Jak potwierdzają naukowcy, jajka od kur z wolnego chowu mogą być niebezpieczne. Przyczyną są zanieczyszczenia powietrza, które powodują, że w jajkach znajdują się rakotwórcze dioksyny. Materiał programu "Polska i Świat".
Naukowcy z Politechniki Krakowskiej udowodnili, że nie wszystkie jajka są tak samo zdrowe. - Jaja z wolnego wybiegu zawierają znacznie więcej zanieczyszczeń niż te, które są z dużych ferm hodowlanych - wyjaśnił prof. Adam Grochowalski z Politechniki Krakowskiej.
Rakotwórcze substancje w jajkach
Naukowcy wraz z aktywistami antysmogowymi przebadali jaja od kur z wolnego wybiegu z południa Polski. Te rejony kraju mają problem z trującym powietrzem.

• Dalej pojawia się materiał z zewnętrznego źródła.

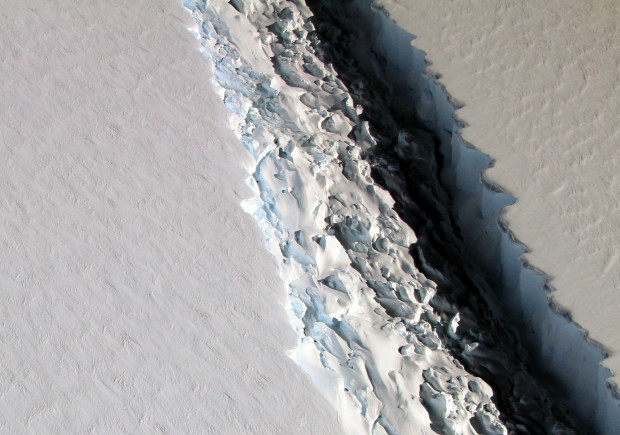 AP_170066171115501-620×435 FILE PHOTO: This Nov. 10, 2016 aerial photo released by NASA, shows a rift in the Antarctic Peninsula's Larsen C ice shelf. (JOHN SONNTAG/NASA VIA AP)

W przebadanych jajkach znaleziono rakotwórcze dioksyny. - Zawartość substancji chemicznych jest w nich kilkakrotnie wyższa, niż dopuszczają to przepisy. Trzeba to powiedzieć świadomie, nie robię tego na użytek żadnych firm, że jaja pochodzące z dużych firm hodowlanych, czyli te, które mamy na półkach sklepowych, zawierają ich zdecydowanie mniej. Głównie dlatego, że kury karmione są sztuczną paszą, którą kontrolują weterynarze - powiedział prof. Grochowalski.
Jak opowiedział profesor, niebezpieczne substancje wydostają się z kominów i opadają na glebę. Są zjadane przez kury np. z dżdżownicami.
Prof. Jan Niemiec z SGGW powołuje się na inne badania, w których zbadano jakość jaj od niosek spacerujących koło dróg. - Tam się okazało, że było dużo wyższe stężenie metali ciężkich, czyli można powiedzieć, że to co kura zje przechodzi wprost do jaja - powiedział.
"Kury z ferm nie widzą słońca"
Mateusz Rehmus, technik weterynarii z Warszawy, właściciel kury Fatimy, która mieszka w jego warszawskim mieszkaniu, przekonuje, że warto kupować jaja od kur z wolnego chowu. - Kury, które siedzą w klatkach to są kury stłoczone, zestresowane, to są kury, które nie widziały słońca. Mimo wszystko kury, które gdzieś tam w gospodarstwie ekologicznym widzą to słońce, mają możliwość skubnąć trawy to na pewno to jajko od nich będzie lepsze - stwierdził Rehmus.
Podobnego zdania jest Piotr Siergiej z Polskiego Alarmu Smogowego, który twierdzi, że wystarczy sprawdzić na opakowaniu skąd pochodzą kury. - Kupowałbym jajka, które pochodzą z regionów, w których jest bardzo niskie zanieczyszczenie powietrza i jednocześnie to są jajka od kur pochodzących z wolnego wybiegu, np. z Mazur, z Lubelszczyzny czy z Pomorza - powiedział.